Erste Hinweise geben Namen: die Siedlung Römerstadt hieß so, weil sich hier früher eine solche befand, und Straßennamen wie Titussstraße, Antoninusstraße, Konstantinstraße oder Augustusstraße weisen auf römische Bezüge hin. Wer noch genauer hinschaut entdeckt zwölf Informationstafeln, die Aussagen zu dem machen, was sich hier einst befand: der Römerstadt Nida. Wenn man anhand dieser Tafeln den archäologischen Rundweg abgehen will, der durch das Archäologische Museum gestaltet wurde, so fährt man am besten mit der U-Bahn-Linie 1 in Richtung Ginnheim und steigt an der Station „Römerstadt“ aus – wenn man dann den Ausgang „In der Römerstadt“ nimmt, befindet man sich an einem zentralen Ort innerhalb der antiken Stadt.

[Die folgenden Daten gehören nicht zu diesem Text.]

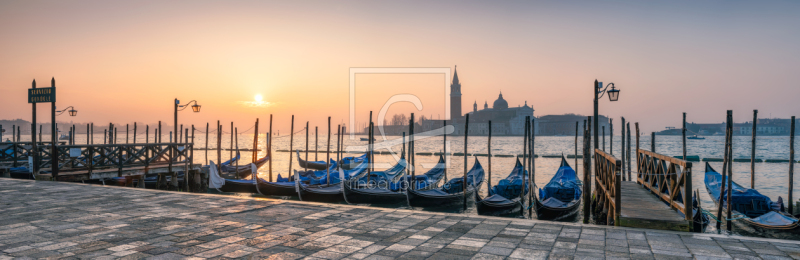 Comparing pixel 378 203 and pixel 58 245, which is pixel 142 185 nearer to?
pixel 378 203

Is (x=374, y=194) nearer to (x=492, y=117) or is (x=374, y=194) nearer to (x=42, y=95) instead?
(x=42, y=95)

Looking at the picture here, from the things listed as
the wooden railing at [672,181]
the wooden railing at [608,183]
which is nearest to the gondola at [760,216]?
the wooden railing at [672,181]

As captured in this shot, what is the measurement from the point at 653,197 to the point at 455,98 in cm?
11942

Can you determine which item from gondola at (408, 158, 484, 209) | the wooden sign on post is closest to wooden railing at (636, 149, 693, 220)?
gondola at (408, 158, 484, 209)

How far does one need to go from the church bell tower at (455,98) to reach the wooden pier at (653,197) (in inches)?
4609

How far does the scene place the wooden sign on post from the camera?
11523mm

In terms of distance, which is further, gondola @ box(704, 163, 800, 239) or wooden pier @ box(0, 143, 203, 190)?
wooden pier @ box(0, 143, 203, 190)

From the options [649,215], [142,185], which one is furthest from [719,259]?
[142,185]

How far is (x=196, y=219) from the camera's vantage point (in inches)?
220

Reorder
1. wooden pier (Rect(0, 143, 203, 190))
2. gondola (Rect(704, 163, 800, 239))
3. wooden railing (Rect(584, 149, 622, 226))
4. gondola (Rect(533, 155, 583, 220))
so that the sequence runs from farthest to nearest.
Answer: wooden pier (Rect(0, 143, 203, 190)) < gondola (Rect(533, 155, 583, 220)) < gondola (Rect(704, 163, 800, 239)) < wooden railing (Rect(584, 149, 622, 226))

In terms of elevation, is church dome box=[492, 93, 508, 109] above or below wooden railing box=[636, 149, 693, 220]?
above

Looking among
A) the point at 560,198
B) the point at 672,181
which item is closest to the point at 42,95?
the point at 560,198

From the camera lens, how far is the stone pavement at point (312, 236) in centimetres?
409

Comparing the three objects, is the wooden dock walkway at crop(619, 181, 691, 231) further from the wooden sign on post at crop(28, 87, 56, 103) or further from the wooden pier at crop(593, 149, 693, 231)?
the wooden sign on post at crop(28, 87, 56, 103) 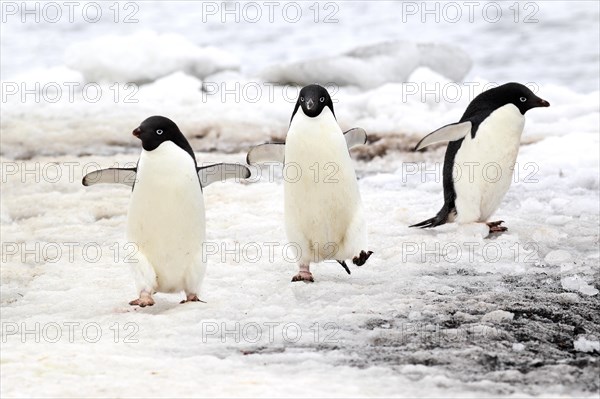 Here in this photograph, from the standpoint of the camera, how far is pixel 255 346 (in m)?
3.59

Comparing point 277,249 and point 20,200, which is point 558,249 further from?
point 20,200

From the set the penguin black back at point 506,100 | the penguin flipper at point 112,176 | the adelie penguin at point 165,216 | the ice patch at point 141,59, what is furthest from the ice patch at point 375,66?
the adelie penguin at point 165,216

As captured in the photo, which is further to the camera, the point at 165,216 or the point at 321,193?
the point at 321,193

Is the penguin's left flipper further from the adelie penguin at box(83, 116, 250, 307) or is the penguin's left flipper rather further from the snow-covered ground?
the snow-covered ground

Da der Bau der Siedlung Römerstadt und insbesondere auch der der Nordweststadt auf die Notwendigkeiten archäologischer Forschung so gut wie keine Rücksicht genommen hat – dieser noch nicht einmal genügend Zeit für die Sichtung des archäologischen Bestandes und die Rettung des Wertvollsten ließ – ist das, was an Originalem heute noch vor Ort zu sehen ist, nicht umfangreich und überdies unspektakulär: einige Töpferöfen und Fundamente von Häusern. Noch vorhandene z. T. meterhohe Mauerfragmente und viele Dinge, von denen man nie mehr etwas wissen wird, wurden bei der Bebauung vernichtet. Dass auf dem sogenannten Heidenfeld Wertvolles zu finden war, war dabei klar – im 19. Jahrhundert wurde Nida teils als „teutsches Pompeji“ bezeichnet – aber alle Proteste von Archäologen und interessierten Bürgern blieben erfolglos. Wer Originalfunde – solche aus der Zeit vor der Bebauung (Grabungen fanden seit 1823 statt) und solche von Hobbyarchäologen, einer ansonsten häufig geschmähten Gruppe, die bei der Rettung dieses Kulturguts eine wichtige Rolle spielte – sehen will, der muss sich ins Archäologische Museum Frankfurt begeben, in dem die Funde aus Nida einen wichtigen Teil der Sammlungen ausmachen. Objekte aus der Frühzeit der Grabungen finden sich außerdem im Museum Wiesbaden, da das Terrain zu dieser Zeit zum Herzogtum Nassau gehörte.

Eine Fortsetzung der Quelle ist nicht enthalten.